■ DATA ■
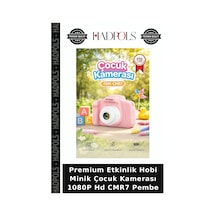 Premium Etkinlik Hobi Minik Çocuk Kamerası 1080p Hd Cmr7 Pembe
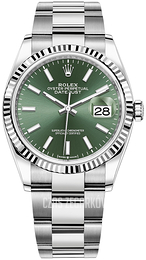 Rolex Datejust 36 Zielony/Stal Ø36 mm 126234-0052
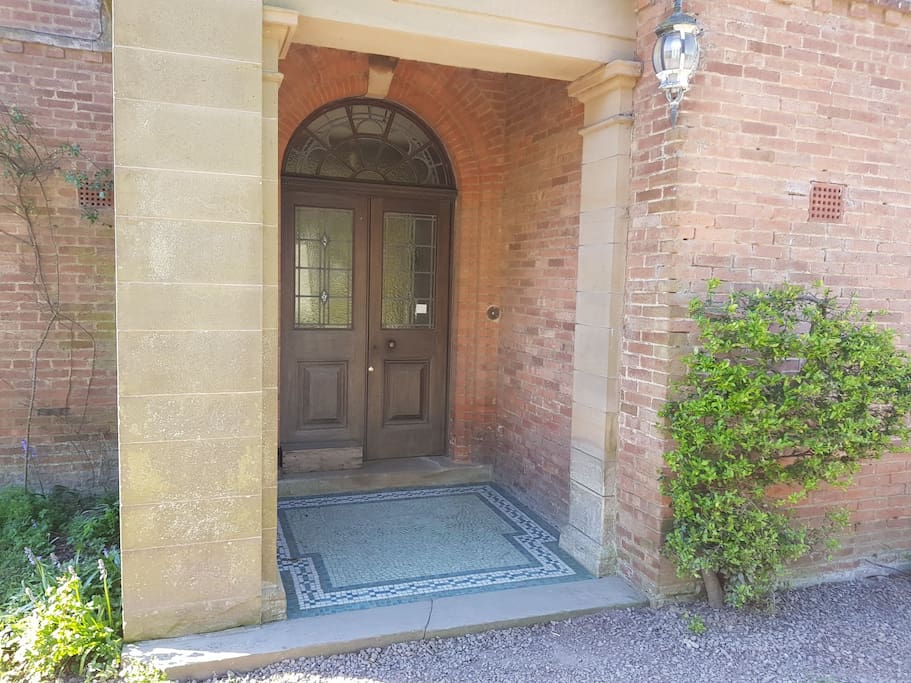 Elegant front entrance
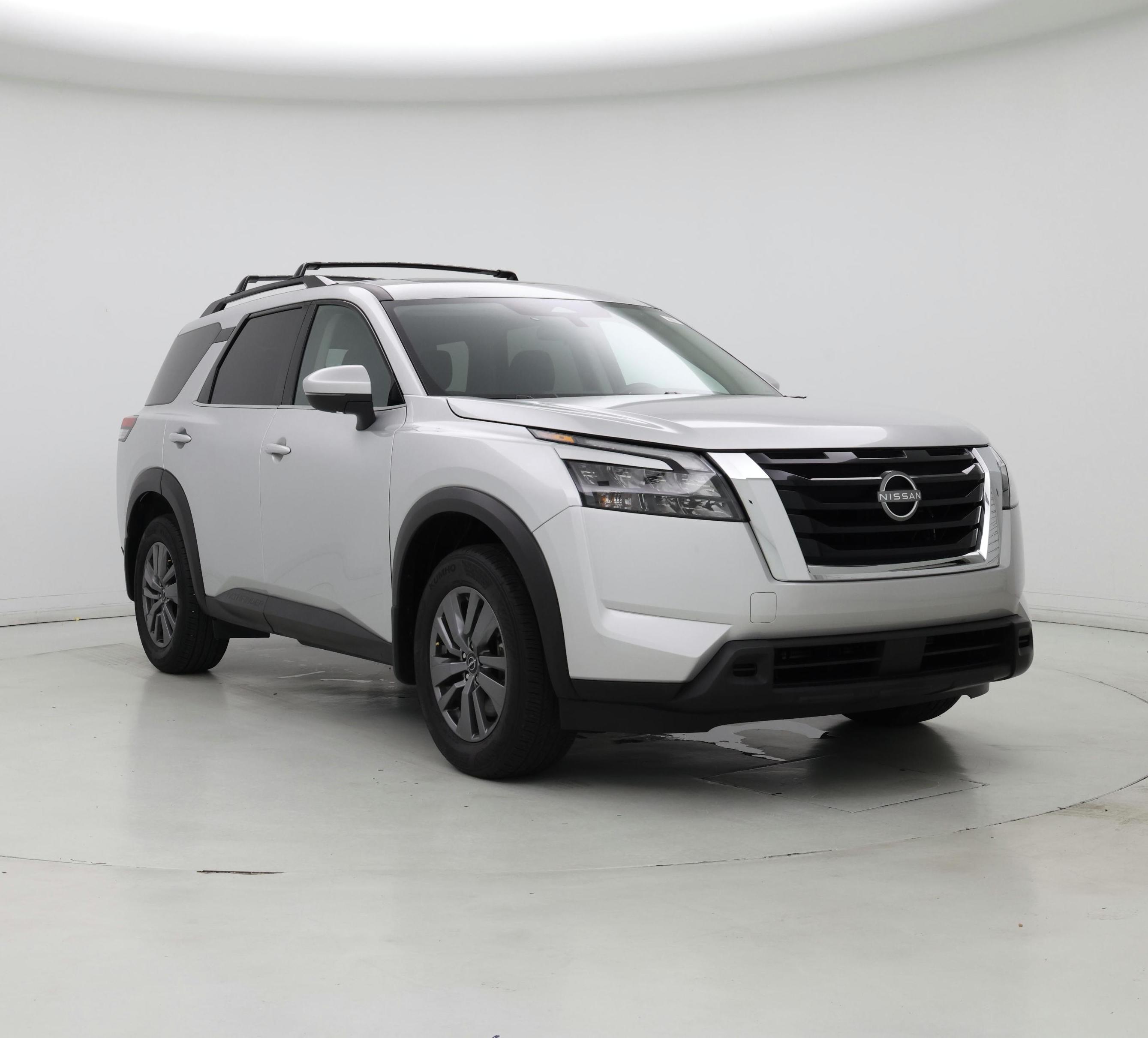 Silver 2025 Nissan Pathfinder SUV / Crossover Front-Wheel Drive Automatic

■ TASK TO CARRY OUT ■
No pictures belong in the copy. Repeat the listing above exactly.

■ ANSWER BOX ■
 Premium Etkinlik Hobi Minik Çocuk Kamerası 1080p Hd Cmr7 Pembe
 Rolex Datejust 36 Zielony/Stal Ø36 mm 126234-0052
 Elegant front entrance
 Silver 2025 Nissan Pathfinder SUV / Crossover Front-Wheel Drive Automatic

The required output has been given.